Point of order: you can’t use teleportation circle to teleport to any other circle you’ve seen before – you also need the sigil sequence. As you cast the spell, you draw a 10-foot-diameter circle on the ground inscribed with sigils that link your location to a permanent teleportation circle of your choice whose sigil sequence you know and that is on the same plane of existence as you. Which may or may not even be visible at the location of the circle – if you have enough mojo to make a permanent circle, you can also mask some writing on the floor – which you should, because Arcane Eyes, Scrying and familiars are not uncommon, and it’s not as if you can change your address. You can expect most sigil sequences to be secret, because if your enemies ever learn them, they can pour an army into your stronghold. On the other hand? You don’t actually need the location, just the sequence, which means that a battered Netherese tablet with the right scribbles on it can kick off an adventure very far from home. Roll DC 15 Nature to figure out which constellations these are.
I think you may have undervalued Planar Binding, regarding concentration – you really don’t need to do it. You’re probably right about the fact you would normally need to concentrate, but there are ways to subvert that. The obvious one that people go for is Conjure Elementals, but a more subtle one is another spell I feel you undervalued – Glyph of Warding. Glyph of Warding allows you to subvert concentration, because if the spell you cast into Glyph of Warding is concentration, it simply lasts for its duration when triggered. You cast Summon Greater Demon, or Infernal Calling, or whatever you want into an upcast Glyph of Warding, with the trigger being a password of your choice. When you’re ready to bind the creature, you cast your reversed Magic Circle around where the creature will come out. Once it’s complete, speak the password, creature appears neatly in your Magic Circle, and you begin binding the creature. Because the devil, demon or other creature came from your Glyph of Warding, it doesn’t require concentration, the spell just lasts for its duration. Once bound, its duration is now replaced by the duration of Planar Binding, and it still requires no concentration. You still need to worry about it being hostile, and all that entails, but those are the risks of binding creatures into your service… ** On Glyph of Warding: This should probably go in the 3rd level spells article, but I really don’t want to make another comment, particularly in a 2 week old article. As I was saying earlier, I feel you also undervalued this spell.
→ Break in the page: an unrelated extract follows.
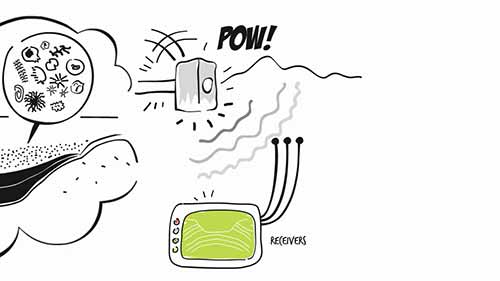 赛普萨石油勘探与生产业务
When you went over negative energy flood, you skipped over the part of the spell that actually makes it decent. That’s giving huge temp hp to undead. I’ve used that to buff ghouls hp to where they’re effective combatants at high levels. A necromancy schooled wizard who uses this generally have ghouls with double the hp of other ghouls and even better if aid is cast on them by the party cleric. However once you get control undead that’s when it really shines. You can health buffer your high tier undead preventing their death or taking control of that zombie you just made. I won’t lie though it is mostly useless when you first access it because zombies and skeletons aren’t worth the health buff with the cost of the spell slot.
Something to remember with Planar Binding is that it CAN be used on defeated enemies if you remember to have your Big Stupid Fighters choose to knock out enemies when they drop them to 0 hp, rather than kill them outright. If you have them knock the creature out again before you cast the spell, the creature should generally either not wake up until about when the spell is completed or one or two rounds beforehand if I recall the rules about creatures with 0 hp that have stabilized correctly. Admittedly, using Planar Binding on such a creature will guarantee that it’s hostile and will try to twist your commands, but that’s just even more incentive to make sure you issue the right commands. Another point is that some creatures can probably be bargained with to mollify them for their service, especially if what you want them to do is in line with what kinds of things they would like to do anyway. For instance, thwarting evil for a Couatl or violent slaughter for most demons.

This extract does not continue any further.